Some real estate observers believe new rules for Chinese investors will cause the bubble to burst

Vancouver housing market is not going to crash

There’s a very interesting piece of commentary on Vancouver’s real estate market making the internet rounds. Written by the co-founder of real estate blog Better Dwelling, it argues that new rules imposed by the Chinese government that restrict how much money can be taken out of China to invest abroad will ultimately cause a housing crash in Vancouver.

Let’s break that argument down. Current regulations allow Chinese nationals a foreign exchange quota of USD$50,000, which basically means that if you’re a Chinese citizen looking to transfer money abroad you’re capped at fifty grand.

But earlier this year, China’s foreign exchange regulator pledged to step up scrutiny on just how many Chinese nationals are buying foreign property, and whether any of that money flowing out of the country is illegal. In fact, starting July 2017, all financial institutions in China will have to report domestic and overseas cash transactions of over 50,000 yuan (roughly $7,000). That move was implemented by China’s Central Bank purely to deter Chinese citizens from moving money overseas.

Essentially, if you assume that Vancouver’s home prices (which currently average at approximately $1.5 million for a single detached home) are driven primarily by Chinese buyers, you can perhaps logically draw the conclusion that less Chinese money flowing out of China, means fewer Chinese buying foreign property.

If a big source of demand (Chinese buyers) for Vancouver real estate diminishes, this will lead to dramatically lower home prices, and a housing crash, argues Better Dwelling’s Stephen Punwasi.

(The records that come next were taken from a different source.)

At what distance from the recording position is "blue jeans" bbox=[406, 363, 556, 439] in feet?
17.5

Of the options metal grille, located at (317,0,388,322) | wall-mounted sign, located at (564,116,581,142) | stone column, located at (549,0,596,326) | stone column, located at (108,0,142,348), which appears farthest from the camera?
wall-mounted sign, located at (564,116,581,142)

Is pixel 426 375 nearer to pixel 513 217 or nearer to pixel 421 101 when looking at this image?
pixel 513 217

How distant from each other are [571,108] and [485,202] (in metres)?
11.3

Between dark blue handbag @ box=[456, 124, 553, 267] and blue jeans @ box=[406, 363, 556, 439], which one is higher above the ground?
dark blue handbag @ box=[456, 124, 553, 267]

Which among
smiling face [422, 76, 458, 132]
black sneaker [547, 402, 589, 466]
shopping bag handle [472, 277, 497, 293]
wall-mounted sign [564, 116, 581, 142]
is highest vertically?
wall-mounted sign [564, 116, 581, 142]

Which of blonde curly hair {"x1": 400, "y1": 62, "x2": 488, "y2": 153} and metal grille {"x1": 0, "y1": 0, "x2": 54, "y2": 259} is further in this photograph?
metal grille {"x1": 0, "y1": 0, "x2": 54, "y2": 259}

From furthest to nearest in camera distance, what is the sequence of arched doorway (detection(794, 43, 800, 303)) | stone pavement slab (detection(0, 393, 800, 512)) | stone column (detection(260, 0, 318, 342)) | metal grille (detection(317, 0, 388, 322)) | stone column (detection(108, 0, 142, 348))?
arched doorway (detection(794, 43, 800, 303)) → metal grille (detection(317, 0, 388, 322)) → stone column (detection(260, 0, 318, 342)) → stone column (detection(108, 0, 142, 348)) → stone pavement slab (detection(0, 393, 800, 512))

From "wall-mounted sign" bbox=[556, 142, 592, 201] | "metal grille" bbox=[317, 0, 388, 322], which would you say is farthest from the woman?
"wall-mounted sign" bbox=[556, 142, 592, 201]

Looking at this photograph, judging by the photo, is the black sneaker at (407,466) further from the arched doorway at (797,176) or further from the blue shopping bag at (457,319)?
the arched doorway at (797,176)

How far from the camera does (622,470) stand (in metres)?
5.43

But there’s a bit of a hole in that thesis. Vancouver’s real estate market has been cooling for quite some time now, even before the Chinese government imposed restrictions on the amount of money flowing out of China. Some industry observers boil that down to market forces — home prices just reached a point where they were simply too high for what buyers were willing to pay.

According to data from the Real Estate Board of Greater Vancouver, average home prices in the Greater Vancouver Area began to decline back in March 2016. Home prices, have pretty much leveled out, dropping almost 1 percent each month since August 2016, when the B.C. government imposed a 15 percent tax on home purchases made by foreign nationals.

It’s also worth noting that the idea that Canadian real estate is on a tear because of Chinese buyers is a vast exaggeration. In the months of August and September 2016, the value of purchases involving foreign buyers was $318 million, only 1.8 percent of the overall value of purchases in the Metro Vancouver area. In the seven weeks leading up to the B.C. government’s imposition of the foreign buyers tax, purchases by foreign nationals peaked — even then, they was only 13.2 percent of overall property transactions.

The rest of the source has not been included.